7. El silencio es la mejor música
GEORGINA
No sé cuánto tiempo permanecí allí sentada, con la mirada clavada en un árbol y los pies subidos sobre el banco. La vida me pareció mucho más sencilla allí, abrazada a mis rodillas sin nada más que la naturaleza a mi alrededor.
Me levanté y eché a caminar calle arriba, donde el camino se bifurcaba en una carretera hacia la montaña y otra que parecía derivar a una calle con más casas. Al menos las vistas eran bonitas, hacía un sol radiante y olía a naturaleza. El canto de los pájaros me acompañó hasta una calle circular que unía dos manzanas de viviendas. Di la vuelta y bajé por el lado contrario al que había subido. Encontré un paso subterráneo que cruzaba la autovía y que derivaba a un camino de tierra. Ya en el otro lado, pude ver a mi izquierda una gasolinera y un motel abandonado. A mi derecha, un riachuelo de montaña se abría paso con calma.
Ese pueblo era el típico donde podían secuestrarte y descuartizarte sin que nadie se enterara, después de todo no me había cruzado con nadie en las dos horas que llevaba dando vueltas.
Caminé hasta la gasolinera, incrementando el paso cuando pasé frente al motel. En la penumbra de los marcos de puertas y paredes abiertos, se adivinaba una gran cantidad de grafitis y muebles viejos y rotos entre escombros.
Entré a la gasolinera con la esperanza de encontrar un modo de volver a casa. Ni siquiera Google Maps me sabía mostrar una ruta por transporte público.
—¡Disculpe! —le pregunté al hombre que había tras el mostrador. Alzó la cabeza y me miró a través de unas enormes gafas—. ¿Hay alguna forma de conseguir llegar a una estación de tren o de autobús? Necesito ir a Barcelona.
—Uhm, bé. Ho tens una mica fotut— "Uhm, bien. Lo tienes un poco jodido", dijo en catalán—. Puedes ir a El Figaró desde aquí, pero tienes un rato a pie por el camino de Vic. Allí pasa el tren.
—¿Y ese camino donde está?
—Debes dar la vuelta y bajar de nuevo al camino de tierra junto al riachuelo. Verás que hay un puente que lo cruza. Una vez estés en el otro lado, debes tomar el único camino que hay. Verás que lleva a una zona de bosque.
A pie. Por el bosque.
«Arnau cuando te pille te vas a arrepentir de haber nacido en esta familia».
—¿No hay otra forma?
—¿Un sábado? —negó con la cabeza—. No.
—Hay... ¿hay animales en ese bosque?
—A ver, es zona de caza. Verás que el camino se bifurca varias veces. Debes tomar siempre el camino de la izquierda. No te metas en el camino de la derecha, porque te desviarás a la montaña y a la zona de caza. Si te quedas en la izquierda no pasa nada. ¡Si aquí solo hay jabalís!
Un jabalí.
—Bien. Está bien. Gracias por la información.

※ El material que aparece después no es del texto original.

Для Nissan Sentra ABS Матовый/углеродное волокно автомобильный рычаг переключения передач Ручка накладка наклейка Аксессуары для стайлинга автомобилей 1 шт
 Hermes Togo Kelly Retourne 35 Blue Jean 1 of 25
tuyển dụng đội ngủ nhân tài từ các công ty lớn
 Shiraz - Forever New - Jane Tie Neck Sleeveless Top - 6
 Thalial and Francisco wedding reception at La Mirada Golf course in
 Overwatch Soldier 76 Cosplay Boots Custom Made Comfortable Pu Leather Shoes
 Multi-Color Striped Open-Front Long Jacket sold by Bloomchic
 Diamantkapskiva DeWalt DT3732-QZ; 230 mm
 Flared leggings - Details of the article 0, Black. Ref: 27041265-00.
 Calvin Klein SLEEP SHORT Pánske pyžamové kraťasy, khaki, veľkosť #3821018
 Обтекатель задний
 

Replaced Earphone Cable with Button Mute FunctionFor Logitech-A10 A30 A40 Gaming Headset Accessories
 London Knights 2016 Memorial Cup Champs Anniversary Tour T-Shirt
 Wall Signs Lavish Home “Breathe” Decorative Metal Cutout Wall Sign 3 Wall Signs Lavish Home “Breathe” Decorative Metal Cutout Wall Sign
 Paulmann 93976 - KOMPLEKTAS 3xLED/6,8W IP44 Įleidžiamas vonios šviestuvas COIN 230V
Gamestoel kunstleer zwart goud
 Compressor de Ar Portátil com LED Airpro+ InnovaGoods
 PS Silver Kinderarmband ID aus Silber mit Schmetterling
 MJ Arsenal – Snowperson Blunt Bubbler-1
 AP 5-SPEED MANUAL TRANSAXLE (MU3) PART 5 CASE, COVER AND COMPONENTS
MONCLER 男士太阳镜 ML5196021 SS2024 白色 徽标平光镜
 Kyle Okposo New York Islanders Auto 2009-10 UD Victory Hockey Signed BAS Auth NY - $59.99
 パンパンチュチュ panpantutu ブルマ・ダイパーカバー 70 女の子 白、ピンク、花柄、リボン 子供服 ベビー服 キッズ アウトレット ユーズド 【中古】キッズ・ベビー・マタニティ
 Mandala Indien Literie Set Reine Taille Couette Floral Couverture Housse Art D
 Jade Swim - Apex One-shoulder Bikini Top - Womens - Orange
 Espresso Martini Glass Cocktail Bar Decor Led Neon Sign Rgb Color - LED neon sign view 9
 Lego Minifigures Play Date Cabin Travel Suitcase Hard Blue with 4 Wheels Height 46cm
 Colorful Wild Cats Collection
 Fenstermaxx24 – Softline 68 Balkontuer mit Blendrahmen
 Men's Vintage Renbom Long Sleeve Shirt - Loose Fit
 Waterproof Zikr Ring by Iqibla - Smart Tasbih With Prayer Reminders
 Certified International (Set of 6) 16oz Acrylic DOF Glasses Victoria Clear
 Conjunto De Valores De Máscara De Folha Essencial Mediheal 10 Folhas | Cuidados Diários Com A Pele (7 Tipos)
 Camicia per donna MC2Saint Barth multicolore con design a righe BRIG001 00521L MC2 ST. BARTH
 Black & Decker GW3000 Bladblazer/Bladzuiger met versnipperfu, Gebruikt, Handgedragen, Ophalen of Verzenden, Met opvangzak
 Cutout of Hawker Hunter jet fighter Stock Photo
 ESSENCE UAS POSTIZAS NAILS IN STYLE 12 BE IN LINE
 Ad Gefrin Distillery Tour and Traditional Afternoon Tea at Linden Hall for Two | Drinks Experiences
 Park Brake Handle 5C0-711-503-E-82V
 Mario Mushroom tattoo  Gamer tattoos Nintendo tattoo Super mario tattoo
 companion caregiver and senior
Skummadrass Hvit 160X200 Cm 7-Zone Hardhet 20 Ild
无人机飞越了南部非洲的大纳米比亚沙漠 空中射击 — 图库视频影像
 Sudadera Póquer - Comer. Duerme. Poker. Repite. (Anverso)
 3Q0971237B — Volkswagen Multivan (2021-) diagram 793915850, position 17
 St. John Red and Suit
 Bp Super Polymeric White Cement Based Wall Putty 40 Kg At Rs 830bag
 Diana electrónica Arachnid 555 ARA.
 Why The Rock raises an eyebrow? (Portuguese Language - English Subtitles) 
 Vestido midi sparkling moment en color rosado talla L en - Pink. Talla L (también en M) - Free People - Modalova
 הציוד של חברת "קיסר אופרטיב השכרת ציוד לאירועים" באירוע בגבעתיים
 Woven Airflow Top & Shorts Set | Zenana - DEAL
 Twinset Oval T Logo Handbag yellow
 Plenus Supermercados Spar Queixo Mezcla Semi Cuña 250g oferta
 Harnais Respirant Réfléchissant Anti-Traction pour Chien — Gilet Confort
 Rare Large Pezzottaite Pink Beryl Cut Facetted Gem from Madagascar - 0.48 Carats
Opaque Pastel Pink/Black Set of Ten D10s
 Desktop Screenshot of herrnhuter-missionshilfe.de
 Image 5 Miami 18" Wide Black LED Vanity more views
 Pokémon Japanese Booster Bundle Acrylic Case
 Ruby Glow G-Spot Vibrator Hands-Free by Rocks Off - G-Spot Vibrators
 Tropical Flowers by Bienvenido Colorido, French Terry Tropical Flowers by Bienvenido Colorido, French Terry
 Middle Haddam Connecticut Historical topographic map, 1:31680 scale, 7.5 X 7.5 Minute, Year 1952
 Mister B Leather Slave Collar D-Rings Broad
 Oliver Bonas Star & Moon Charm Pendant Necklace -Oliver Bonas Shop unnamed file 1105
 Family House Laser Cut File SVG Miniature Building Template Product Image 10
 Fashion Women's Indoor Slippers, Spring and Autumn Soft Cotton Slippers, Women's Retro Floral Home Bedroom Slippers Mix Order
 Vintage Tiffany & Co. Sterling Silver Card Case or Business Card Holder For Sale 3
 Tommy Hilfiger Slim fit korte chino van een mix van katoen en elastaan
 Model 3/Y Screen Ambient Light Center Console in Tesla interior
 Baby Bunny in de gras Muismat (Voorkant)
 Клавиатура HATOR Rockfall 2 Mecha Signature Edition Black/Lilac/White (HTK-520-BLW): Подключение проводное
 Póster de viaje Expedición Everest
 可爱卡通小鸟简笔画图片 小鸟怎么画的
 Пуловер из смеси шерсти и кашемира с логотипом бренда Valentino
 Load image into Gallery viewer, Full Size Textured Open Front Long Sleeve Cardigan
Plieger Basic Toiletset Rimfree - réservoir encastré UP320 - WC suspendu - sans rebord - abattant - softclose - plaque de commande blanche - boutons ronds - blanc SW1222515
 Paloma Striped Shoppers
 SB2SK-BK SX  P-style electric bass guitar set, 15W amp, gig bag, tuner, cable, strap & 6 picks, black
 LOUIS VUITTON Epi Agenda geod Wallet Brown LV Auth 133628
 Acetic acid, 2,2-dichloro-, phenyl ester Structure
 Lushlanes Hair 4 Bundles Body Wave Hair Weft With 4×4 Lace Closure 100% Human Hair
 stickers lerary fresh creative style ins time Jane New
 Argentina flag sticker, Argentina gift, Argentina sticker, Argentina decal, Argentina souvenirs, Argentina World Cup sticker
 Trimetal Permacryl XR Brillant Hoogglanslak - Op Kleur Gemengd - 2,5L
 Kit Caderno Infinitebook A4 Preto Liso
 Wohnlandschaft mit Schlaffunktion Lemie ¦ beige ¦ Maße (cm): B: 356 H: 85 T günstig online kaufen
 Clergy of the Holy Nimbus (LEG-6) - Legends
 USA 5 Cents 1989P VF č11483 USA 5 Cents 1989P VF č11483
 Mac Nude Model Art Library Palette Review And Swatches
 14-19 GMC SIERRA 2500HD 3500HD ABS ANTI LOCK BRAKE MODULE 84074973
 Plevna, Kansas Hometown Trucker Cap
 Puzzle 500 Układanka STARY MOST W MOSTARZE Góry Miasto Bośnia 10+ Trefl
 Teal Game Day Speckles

Me aparté a un lado, mientras me mordía el labio, indecisa y alterada a partes iguales.
Mi primer instinto fue el de buscar en internet qué hacer en caso de ataque o encuentro con un jabalí: "refúgiese en un lugar seguro y llame a los agentes forestales". "Haga ruido para que se asuste y se vaya", "Vaya con precaución de que no se sienta atacado, pues podría atacarle a usted".
Qué buen panorama.
Me volví a dirigir al trabajador de la gasolinera cuando una mujer que deseaba repostar salió de la tienda.
—¿Y ese tren va a Barcelona? —le pregunté.
—Sí. Hay dos líneas. Una hacia Barcelona y la otra hacia los pirineos. Algunos trenes acaban en Francia, así que ten cuidado porque la estación no está señalizada.
¿Ese hombre quería ayudarme o solo intentaba asustarme cada vez más?
«Cuidado con el jabalí, cuidado con equivocarte de tren y acabar en Francia».
Sí, sin duda, sus advertencias me tranquilizaban mucho.
—¡Llevate efectivo si vas al tren! —exclamó mientras yo salía de la gasolinera—. En esa estación no hay máquinas para comprar billetes, te lo harán comprar dentro. Si te pilla el revisor sin billete o sin dinero para pagar en el tren, ¡multa!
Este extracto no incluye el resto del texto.